Tragédie au lac Tchad : frappes tchadiennes et pêcheurs nigérians disparus
Disparitions tragiques au lac Tchad : des pêcheurs nigérians victimes de frappes tchadiennes
Depuis vendredi, l’armée tchadienne mène des opérations aériennes ciblées contre plusieurs îlots du lac Tchad, situés en territoire nigérien. Ces frappes, présentées comme des ripostes à une attaque récente de Boko Haram contre des positions militaires tchadiennes, ont malheureusement entraîné la disparition de dizaines de pêcheurs nigérians.
Un bilan humain lourd et toujours incertain
Trois jours après le début des frappes aériennes tchadiennes, le bilan humain s’alourdit. Des témoins, dont des membres de groupes d’autodéfense antidjihadistes, rapportent la disparition de dizaines de pêcheurs nigérians. Selon ces sources, l’opération est encore en cours, rendant difficile une estimation précise du nombre de victimes.
Les frappes visaient des positions de Boko Haram sur des îles du lac Tchad, notamment l’île de Shuwa, un bastion djihadiste et un centre de pêche majeur. Les pêcheurs, autorisés à accéder à ces zones sous condition de paiement d’un « impôt » à Boko Haram, se retrouvent désormais pris dans le feu croisé des opérations militaires.
40 pêcheurs portés disparus : des témoignages accablants
Un responsable du syndicat des pêcheurs du lac Tchad a confirmé la disparition de 40 pêcheurs nigérians, probablement noyés lors des frappes.
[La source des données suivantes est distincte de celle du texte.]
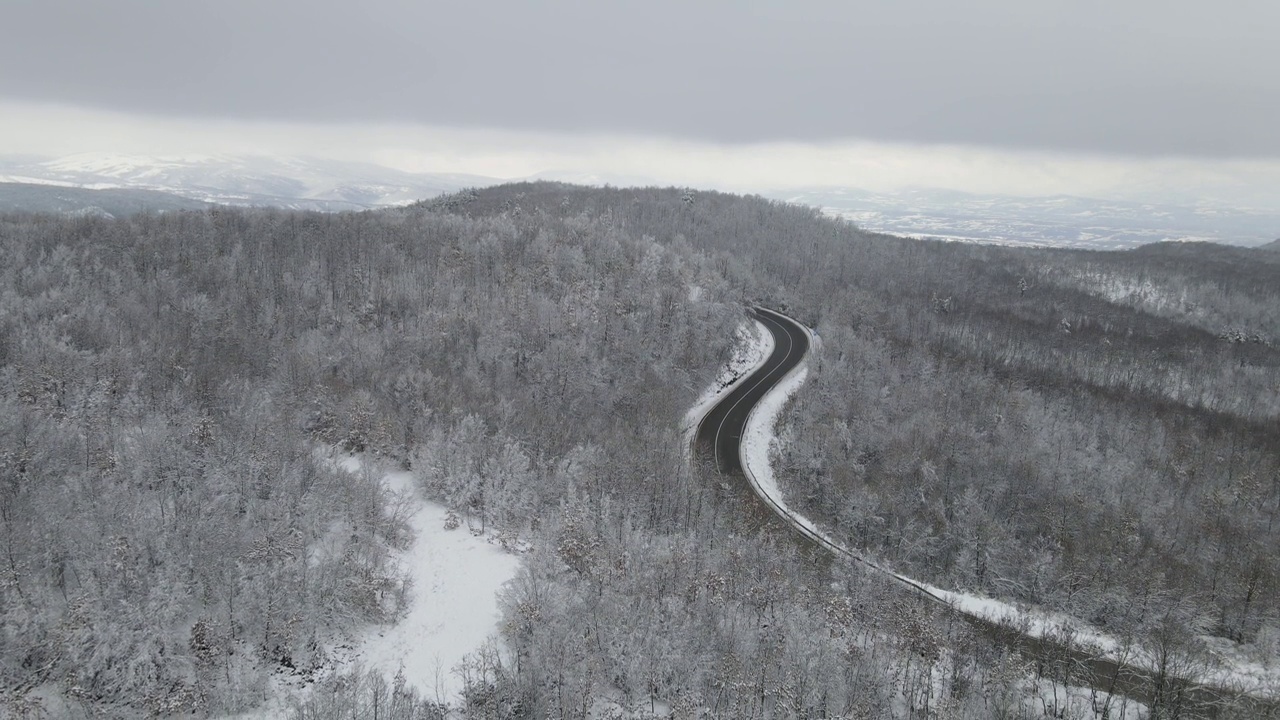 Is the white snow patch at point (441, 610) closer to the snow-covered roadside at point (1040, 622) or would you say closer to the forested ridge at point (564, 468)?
the forested ridge at point (564, 468)

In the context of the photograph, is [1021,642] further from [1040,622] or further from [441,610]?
[441,610]

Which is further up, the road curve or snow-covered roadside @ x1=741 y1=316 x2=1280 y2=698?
the road curve

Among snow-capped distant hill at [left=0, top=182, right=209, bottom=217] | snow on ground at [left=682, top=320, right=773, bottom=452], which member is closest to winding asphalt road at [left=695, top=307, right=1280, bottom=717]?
snow on ground at [left=682, top=320, right=773, bottom=452]

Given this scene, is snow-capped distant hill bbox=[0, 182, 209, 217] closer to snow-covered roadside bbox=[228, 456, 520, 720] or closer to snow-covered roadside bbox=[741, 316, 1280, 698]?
snow-covered roadside bbox=[228, 456, 520, 720]

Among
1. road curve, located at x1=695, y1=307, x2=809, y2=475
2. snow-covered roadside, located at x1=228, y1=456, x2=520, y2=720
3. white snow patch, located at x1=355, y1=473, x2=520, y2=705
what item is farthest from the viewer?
road curve, located at x1=695, y1=307, x2=809, y2=475

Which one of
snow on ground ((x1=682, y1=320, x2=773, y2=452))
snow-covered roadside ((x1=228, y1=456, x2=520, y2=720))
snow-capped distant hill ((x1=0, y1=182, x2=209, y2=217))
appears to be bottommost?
snow-covered roadside ((x1=228, y1=456, x2=520, y2=720))

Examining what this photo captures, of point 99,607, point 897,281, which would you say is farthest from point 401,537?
point 897,281

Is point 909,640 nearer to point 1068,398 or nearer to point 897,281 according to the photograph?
point 1068,398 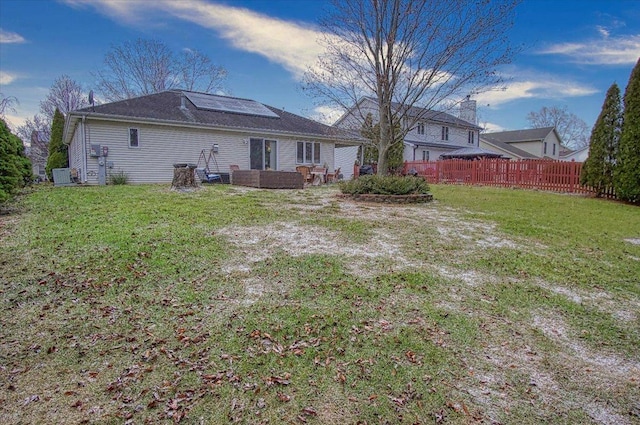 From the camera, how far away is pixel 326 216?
24.5 feet

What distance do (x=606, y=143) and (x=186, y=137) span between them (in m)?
15.6

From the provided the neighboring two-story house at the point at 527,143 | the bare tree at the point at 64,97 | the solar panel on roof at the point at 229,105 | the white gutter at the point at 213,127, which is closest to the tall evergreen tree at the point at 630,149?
the white gutter at the point at 213,127

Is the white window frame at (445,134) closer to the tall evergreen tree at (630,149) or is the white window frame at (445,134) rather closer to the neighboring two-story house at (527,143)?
the neighboring two-story house at (527,143)

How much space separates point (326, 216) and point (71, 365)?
17.7 ft

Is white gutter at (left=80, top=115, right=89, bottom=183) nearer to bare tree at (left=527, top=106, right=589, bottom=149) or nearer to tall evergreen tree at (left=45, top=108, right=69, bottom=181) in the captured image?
tall evergreen tree at (left=45, top=108, right=69, bottom=181)

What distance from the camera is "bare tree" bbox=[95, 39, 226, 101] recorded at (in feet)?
92.9

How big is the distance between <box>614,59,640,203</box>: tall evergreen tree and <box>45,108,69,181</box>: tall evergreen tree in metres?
25.6

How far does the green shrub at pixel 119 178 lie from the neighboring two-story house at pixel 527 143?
34777mm

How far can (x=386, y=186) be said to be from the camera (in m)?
9.99

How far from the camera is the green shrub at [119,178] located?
1315 centimetres

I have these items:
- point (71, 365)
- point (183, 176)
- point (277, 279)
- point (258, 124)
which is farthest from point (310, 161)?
point (71, 365)

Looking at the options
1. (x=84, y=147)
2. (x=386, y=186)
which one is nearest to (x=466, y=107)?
(x=386, y=186)

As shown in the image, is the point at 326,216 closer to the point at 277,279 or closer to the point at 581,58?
the point at 277,279

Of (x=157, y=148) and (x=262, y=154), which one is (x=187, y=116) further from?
(x=262, y=154) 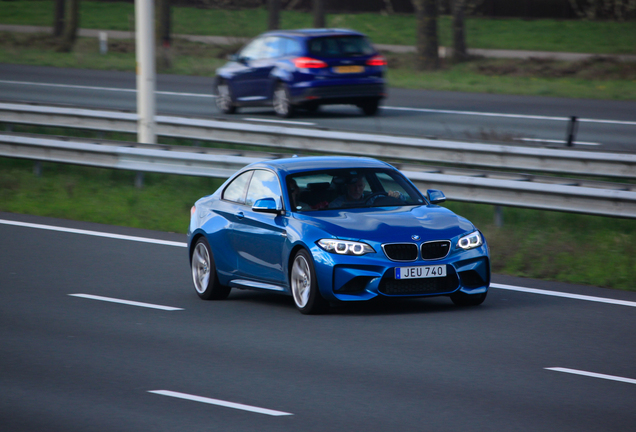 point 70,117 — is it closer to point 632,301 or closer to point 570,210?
point 570,210

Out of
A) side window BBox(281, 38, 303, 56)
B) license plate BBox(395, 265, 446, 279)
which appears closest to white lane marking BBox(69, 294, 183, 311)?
license plate BBox(395, 265, 446, 279)

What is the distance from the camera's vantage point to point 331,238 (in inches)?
383

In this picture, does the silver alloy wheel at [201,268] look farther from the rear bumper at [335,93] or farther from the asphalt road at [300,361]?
the rear bumper at [335,93]

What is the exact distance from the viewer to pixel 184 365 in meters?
8.17

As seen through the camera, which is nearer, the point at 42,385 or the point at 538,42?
the point at 42,385

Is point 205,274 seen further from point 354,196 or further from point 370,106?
point 370,106

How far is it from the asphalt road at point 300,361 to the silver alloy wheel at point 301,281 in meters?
0.16

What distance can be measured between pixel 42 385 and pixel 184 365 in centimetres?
102

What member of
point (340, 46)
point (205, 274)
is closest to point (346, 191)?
point (205, 274)

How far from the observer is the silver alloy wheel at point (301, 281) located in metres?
9.96

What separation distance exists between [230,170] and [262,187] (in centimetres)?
526

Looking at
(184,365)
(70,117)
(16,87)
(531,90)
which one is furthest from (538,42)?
(184,365)

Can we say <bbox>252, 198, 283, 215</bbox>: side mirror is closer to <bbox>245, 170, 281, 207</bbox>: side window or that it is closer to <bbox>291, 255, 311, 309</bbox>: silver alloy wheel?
<bbox>245, 170, 281, 207</bbox>: side window

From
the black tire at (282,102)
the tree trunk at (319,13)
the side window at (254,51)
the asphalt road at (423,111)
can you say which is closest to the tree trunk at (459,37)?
the tree trunk at (319,13) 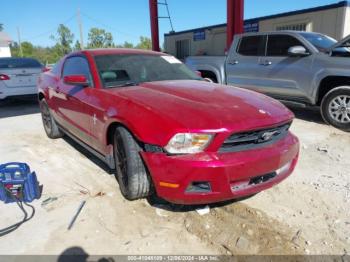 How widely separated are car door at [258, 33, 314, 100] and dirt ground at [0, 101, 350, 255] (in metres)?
2.44

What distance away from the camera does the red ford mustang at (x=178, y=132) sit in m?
2.59

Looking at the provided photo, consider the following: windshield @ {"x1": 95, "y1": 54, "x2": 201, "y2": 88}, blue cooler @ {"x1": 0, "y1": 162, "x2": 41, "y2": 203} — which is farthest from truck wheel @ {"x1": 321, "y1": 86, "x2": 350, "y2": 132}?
blue cooler @ {"x1": 0, "y1": 162, "x2": 41, "y2": 203}

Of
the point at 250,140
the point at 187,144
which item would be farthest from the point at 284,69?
the point at 187,144

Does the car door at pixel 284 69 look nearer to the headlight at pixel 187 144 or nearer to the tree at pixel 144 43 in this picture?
the headlight at pixel 187 144

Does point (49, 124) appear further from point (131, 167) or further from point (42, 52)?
point (42, 52)

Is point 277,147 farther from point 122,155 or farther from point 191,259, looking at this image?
point 122,155

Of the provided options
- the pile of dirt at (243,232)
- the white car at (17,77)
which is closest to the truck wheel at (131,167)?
the pile of dirt at (243,232)

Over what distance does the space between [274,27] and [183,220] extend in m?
14.3

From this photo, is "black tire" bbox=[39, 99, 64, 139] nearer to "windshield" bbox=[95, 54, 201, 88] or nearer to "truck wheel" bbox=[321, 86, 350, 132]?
"windshield" bbox=[95, 54, 201, 88]

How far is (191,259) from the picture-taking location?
247 cm

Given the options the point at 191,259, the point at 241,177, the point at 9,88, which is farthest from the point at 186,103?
the point at 9,88

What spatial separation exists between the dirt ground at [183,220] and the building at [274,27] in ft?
33.2

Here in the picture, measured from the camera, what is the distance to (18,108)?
362 inches

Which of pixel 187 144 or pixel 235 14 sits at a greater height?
pixel 235 14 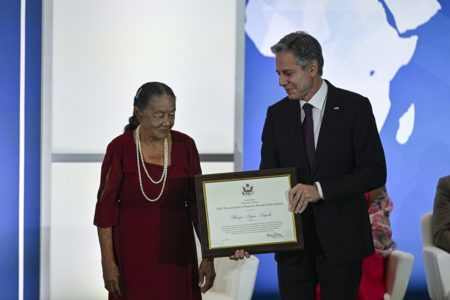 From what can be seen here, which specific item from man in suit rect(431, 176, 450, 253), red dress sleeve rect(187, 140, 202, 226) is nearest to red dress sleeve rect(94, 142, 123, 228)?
red dress sleeve rect(187, 140, 202, 226)

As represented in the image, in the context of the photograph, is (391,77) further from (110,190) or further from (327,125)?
(110,190)

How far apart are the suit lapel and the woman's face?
2.30ft

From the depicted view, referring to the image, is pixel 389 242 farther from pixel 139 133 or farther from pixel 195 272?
pixel 139 133

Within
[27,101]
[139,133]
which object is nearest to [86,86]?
[27,101]

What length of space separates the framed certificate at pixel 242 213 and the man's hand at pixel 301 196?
5 cm

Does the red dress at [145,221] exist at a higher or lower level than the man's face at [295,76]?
lower

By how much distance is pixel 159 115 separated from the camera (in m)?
3.39

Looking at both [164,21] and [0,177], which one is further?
[164,21]

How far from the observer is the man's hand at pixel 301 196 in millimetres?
3107

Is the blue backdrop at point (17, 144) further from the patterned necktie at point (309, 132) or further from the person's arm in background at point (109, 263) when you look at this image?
the patterned necktie at point (309, 132)

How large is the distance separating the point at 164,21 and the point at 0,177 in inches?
66.2

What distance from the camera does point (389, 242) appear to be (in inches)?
203

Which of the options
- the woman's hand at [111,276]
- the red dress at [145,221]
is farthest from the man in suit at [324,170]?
the woman's hand at [111,276] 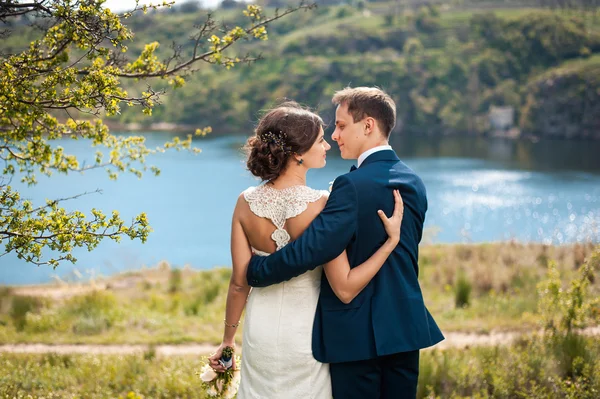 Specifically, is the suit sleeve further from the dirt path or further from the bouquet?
the dirt path

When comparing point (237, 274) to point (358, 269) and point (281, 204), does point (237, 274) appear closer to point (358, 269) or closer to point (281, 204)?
→ point (281, 204)

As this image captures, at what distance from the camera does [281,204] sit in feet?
8.95

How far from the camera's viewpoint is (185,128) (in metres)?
73.2

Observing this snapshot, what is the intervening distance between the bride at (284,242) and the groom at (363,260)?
7cm

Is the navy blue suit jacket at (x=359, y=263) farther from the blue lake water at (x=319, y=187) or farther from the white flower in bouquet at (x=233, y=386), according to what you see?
the blue lake water at (x=319, y=187)

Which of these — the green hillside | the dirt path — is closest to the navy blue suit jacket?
the dirt path

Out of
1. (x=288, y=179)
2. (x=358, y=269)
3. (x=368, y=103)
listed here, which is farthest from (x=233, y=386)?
(x=368, y=103)

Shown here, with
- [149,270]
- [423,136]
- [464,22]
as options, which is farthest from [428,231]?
[464,22]

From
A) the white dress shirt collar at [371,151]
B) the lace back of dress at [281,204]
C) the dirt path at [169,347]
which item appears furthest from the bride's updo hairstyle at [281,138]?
the dirt path at [169,347]

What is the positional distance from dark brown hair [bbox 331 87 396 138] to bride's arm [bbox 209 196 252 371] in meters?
0.62

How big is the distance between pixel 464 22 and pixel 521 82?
797 inches

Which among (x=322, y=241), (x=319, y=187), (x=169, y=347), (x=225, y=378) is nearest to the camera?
(x=322, y=241)

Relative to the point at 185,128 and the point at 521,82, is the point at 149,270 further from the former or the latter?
the point at 521,82

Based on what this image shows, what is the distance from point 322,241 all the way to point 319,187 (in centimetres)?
2924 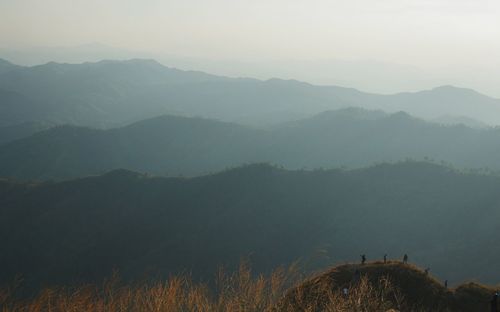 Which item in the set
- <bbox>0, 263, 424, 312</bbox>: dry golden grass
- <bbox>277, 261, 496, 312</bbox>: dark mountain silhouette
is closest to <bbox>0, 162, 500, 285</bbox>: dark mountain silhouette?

Les survivants, originaires notamment de la ville de Doron Baga et de l’État de Taraba au Nigeria, ont témoigné des conséquences dévastatrices de ces bombardements.
Adamu Haladu, un pêcheur nigérian originaire de Baga, a expliqué : « Ce n’est un secret pour personne que nous payons un tribut à Boko Haram pour accéder à ces îles riches en poissons. Aujourd’hui, c’est notre vie qui est en jeu. »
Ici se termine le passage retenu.